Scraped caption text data
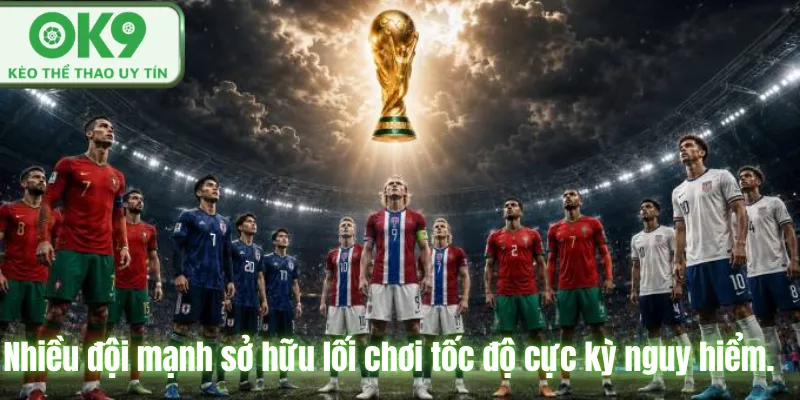 Nhiều đội mạnh sở hữu lối chơi tốc độ cực kỳ nguy hiểm.
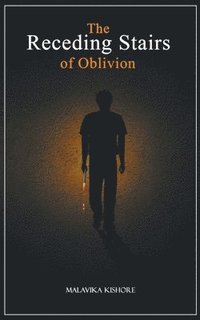 bokomslag The Receding Stairs of Oblivion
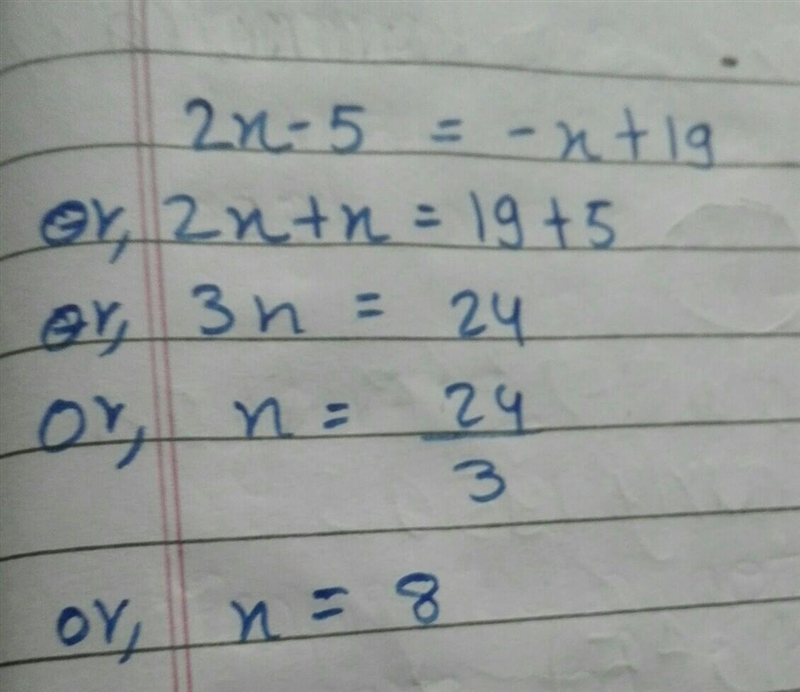 HELP DUE IN 15 MINS! Solve for x: 2x - 5 = -x + 19-example-1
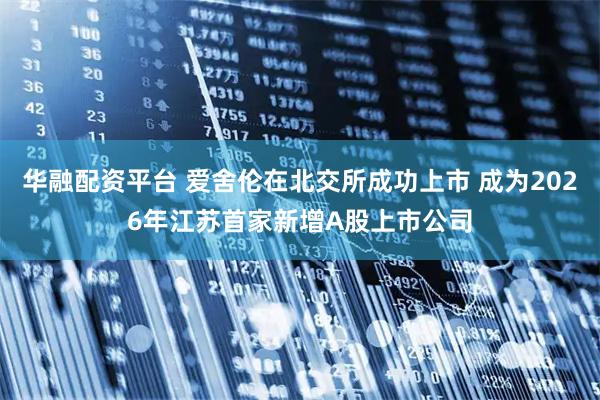 华融配资平台 爱舍伦在北交所成功上市 成为2026年江苏首家新增A股上市公司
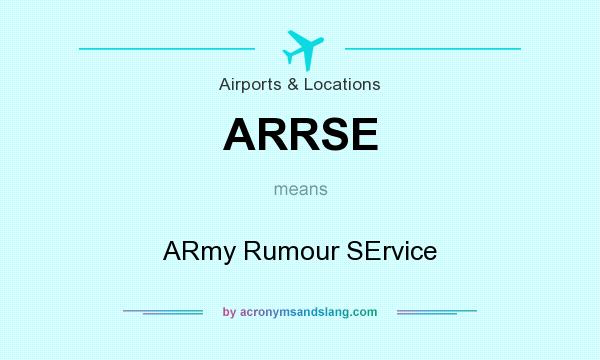 What does ARRSE mean? It stands for ARmy Rumour SErvice
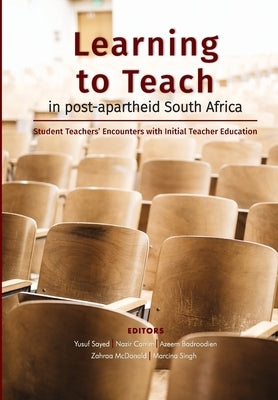 Learning to Teach in post-apartheid South Africa: Student Teachers' Encounters with Initial Teacher Education by Sayed, Yusuf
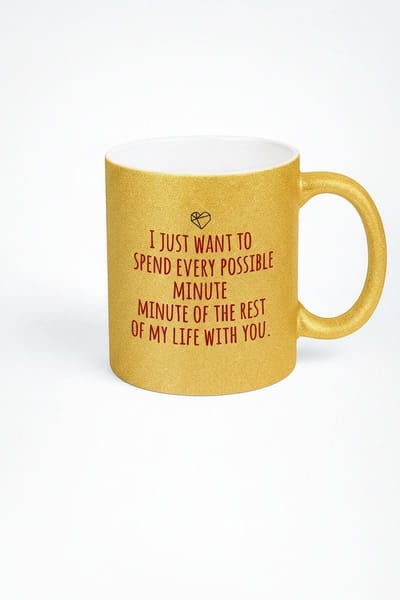 Gouden Glitter Mok met Romantische Liefdes Quote | Koffiemok 'I Just Want To Spend...' | Valentijn & Jubileum Cadeau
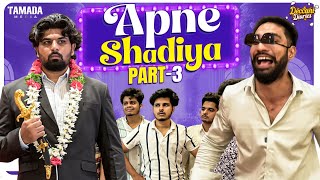 Apne Shadiya Part  3  Ft Psycho Bhaijaan  Deccani Diaries [upl. by Deane]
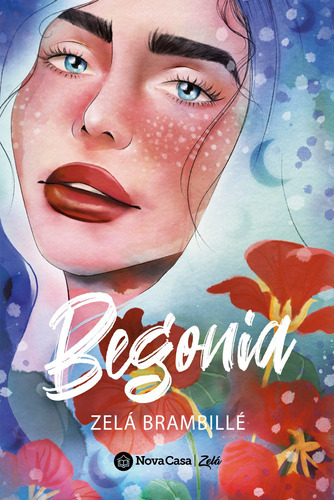 Begonia, De Zelábrambillé. Nova Casa Editorial, Tapa Blanda En Español, 2022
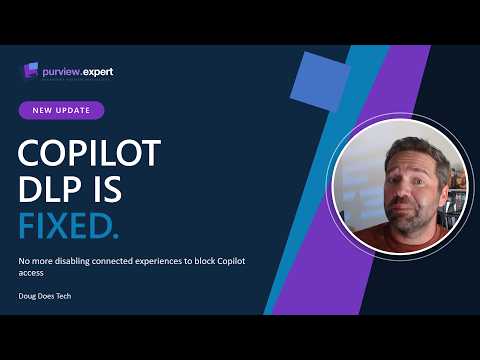 Copilot DLP Update: Labels Now Actually Block Access Everywhere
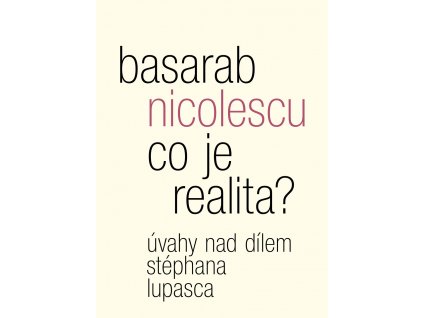 Basarab Nicolescu: Co je realita? Úvahy nad dílem Stéphana Lupasca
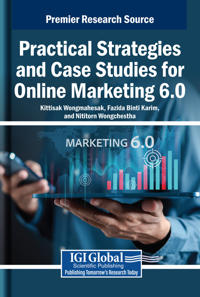 Practical Strategies and Case Studies for Online Marketing 6.0
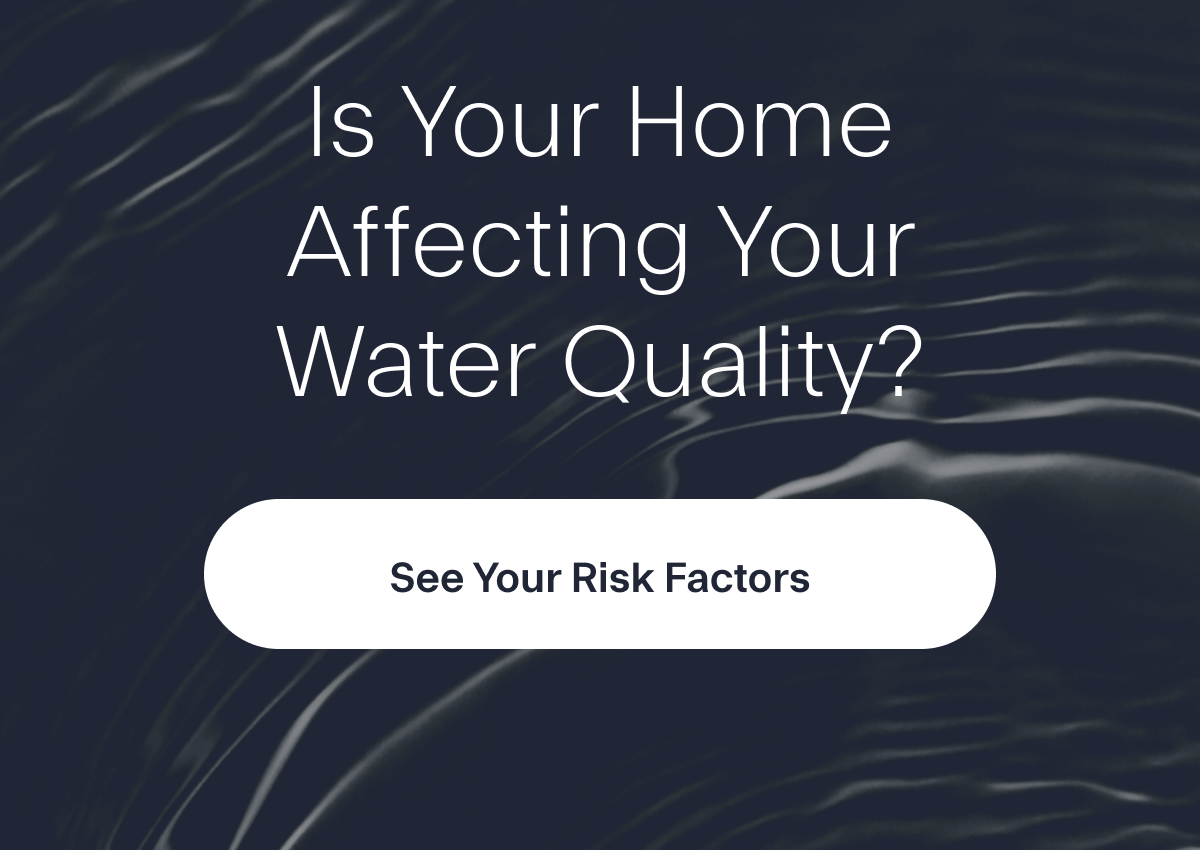 Is Your Home Affecting Your Water Quality?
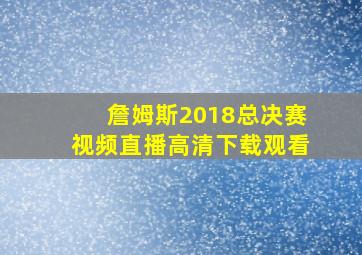 詹姆斯2018总决赛视频直播高清下载观看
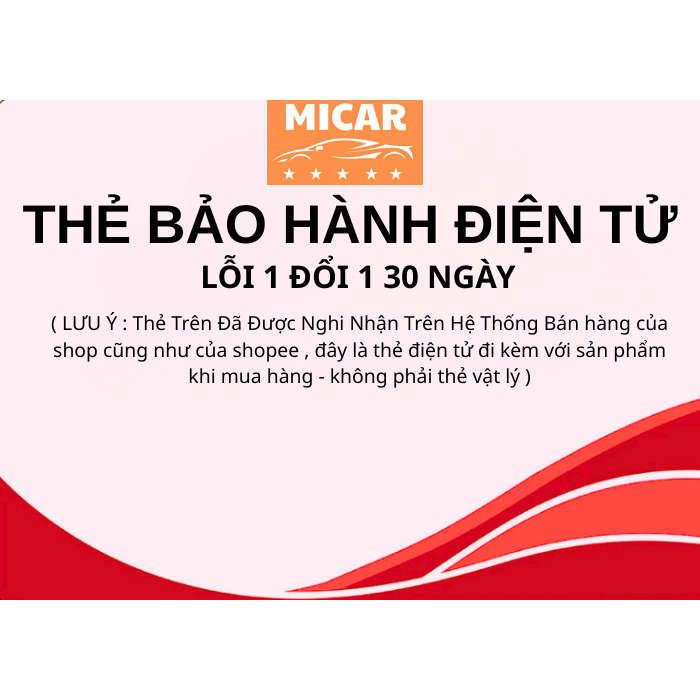 Thẻ Bảo Hành Lỗi 1 Đổi 1 Trong Vòng 30 Ngày - MICAR.VN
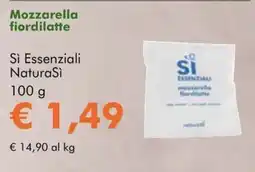 NaturaSì Mozzarella fiordilatte Si Essenziali NaturaSi offerta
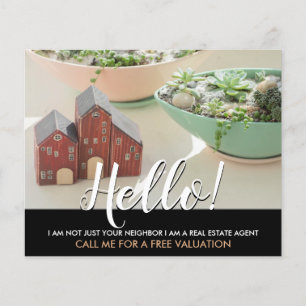 hello I'm not your neighbour real estate agent Fly Flyer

Required work: Give back word for word the lines from the one containing "Basarab Nicolescu: Co" through the final line of the data above. Pictures are to be left out.

Written answer:
 Basarab Nicolescu: Co je realita? Úvahy nad dílem Stéphana Lupasca
 Practical Strategies and Case Studies for Online Marketing 6.0
 Is Your Home Affecting Your Water Quality?
 詹姆斯2018总决赛视频直播高清下载观看
 Thẻ Bảo Hành Lỗi 1 Đổi 1 Trong Vòng 30 Ngày - MICAR.VN
 NaturaSì Mozzarella fiordilatte Si Essenziali NaturaSi offerta
 hello I'm not your neighbour real estate agent Fly Flyer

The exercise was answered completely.